The international dimension of the fusion is obvious. It’s clear why PSA (strong in Europe) and FCA (a large stronghold in the US) join forces. But what about China? The new group (number four in the world) has less than 1% of a market that is by far the largest one.
Especially PSA has tried to conquer the Chinese. In 2016, they had a 3% market share and sold up to 800 000 cars over there. But ever since, the Chinese market has been a nightmare for PSA, resulting in a mere 117 000 cars sold in 2019.
And FCA isn’t doing much better. In 2018, Jeep and Fiat (the two brands present) still sold 160 000 cars. One year later, it was less than 100 000. One consolation: the Chinese market has been harsh lately for all foreign makes.
The Chinese consumer has turned to local brands, which are now also more qualitative and technologically in front (EVs) apart from being low cost. Only the foreign premium brands have resisted better to this change in purchase habits.
Maybe there’s the opportunity for Stellantis: to rebuild the DS image and add iconic brands like Alfa Romeo and Maserati to the portfolio. But that will cost time and money. There are also administrative problems. Forced by law until recently, PSA was linked with Chinese Dongfeng and FCA with GAC. They will have to readjust things and start to act like one group.

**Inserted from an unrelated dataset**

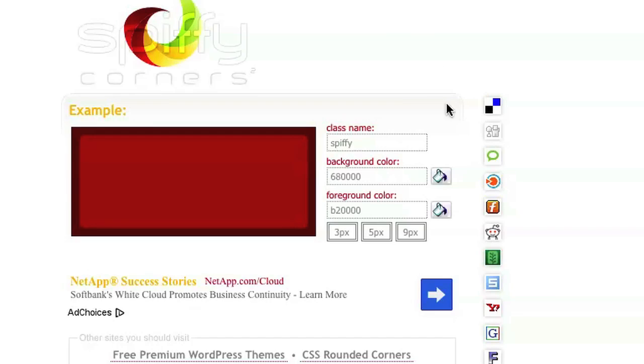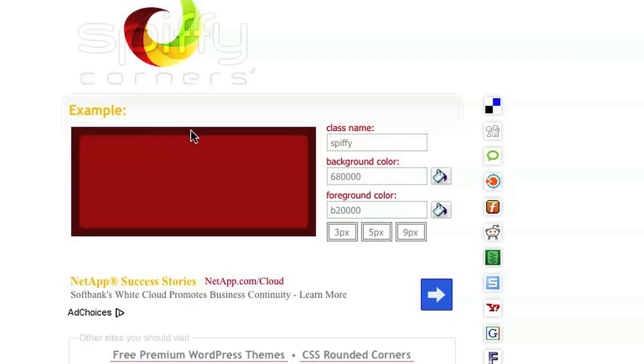I'm at spiffycorners.com here and as you can see they give an example of a red box looking thing. The borders of the box are a darker shade of red and you can see the inner box has rounded corners.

It’s unthinkable for a group like Stellantis to be absent on the world’s largest market in the longer term. Especially so when the group wants to stay number four in the world. Investors will wait for this strategy with expectation.

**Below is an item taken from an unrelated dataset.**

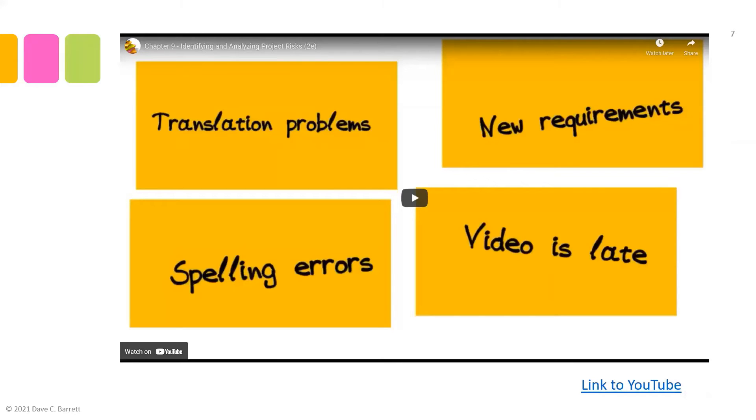We're now going to watch the case study video from the textbook, and see what our project manager is starting to do about risks.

The fusion still has to be consolidated, but the first FCA products based on PSA technology are already on their way. 2023 will see no less than three different products (from Alfa Romeo, Fiat, and Jeep) based on PSA’s CMP platform (B-segment, like Peugeot 208, Citroën C3, or Opel Corsa).
The development of these three new little SUVs will cost far less money and time than doing it by themselves for FCA. In fact, the models were already imagined but were quickly allocated to the PSA platform once the fusion took shape.
The benefits for FCA are obvious. Apart from the financial interest, the CMP platform brings a more modern architecture and, even more important, ready available electrification to the new FCA models. When we talk ICE here, the question of whether FCA will also use the Puretech PSA engines or stick to its own Firefly engines isn’t decided yet.
PSA resists the corona crisis well
2020 was the year of the pandemic crisis, causing huge problems for every car manufacturer (in production and distribution). But it was also the year that PSA got many awards, including the COTY car of the year award and the IVOTY van of the year award.
PSA has been compliant with European CO2 targets from the beginning of the year, thanks to an already large offer of hybrid and purely electric models. By the end of 2021, this offer will be extended to 23 models, six of them being fully electric.
In Europe, PSA saw growth figures again in the last quarter of 2020, with an important role for what it calls its LEV vehicles (being, in fact, plug-in hybrids and purely electric vehicles). PSA noted 120 000 registrations of those LEV vehicles last year.
In other regions of the world, apart from China (already mentioned), Group PSA is growing or, in all cases, increasing its market share. In the Middle East and Africa, the market share gained 2,1%, increasing to 7,2% overall, in a market that has declined by -14%.
Latin America was badly hit by the pandemic (± 30% decrease in sales), but PSA augmented its market share from 2,3 to 2,5%. India and Asia Pacific (market 18,3% down) also saw an increase in market share, despite a 6,6% decline in overall sales.
At last, Eurasia is not one of the most important regions for PSA, but sales are slowly growing, and Opel is reintroducing itself on the Russian market. In Ukraine, the second-largest market in the region, PSA is doing rather well. It upped market share from 6,3 to 8,5%.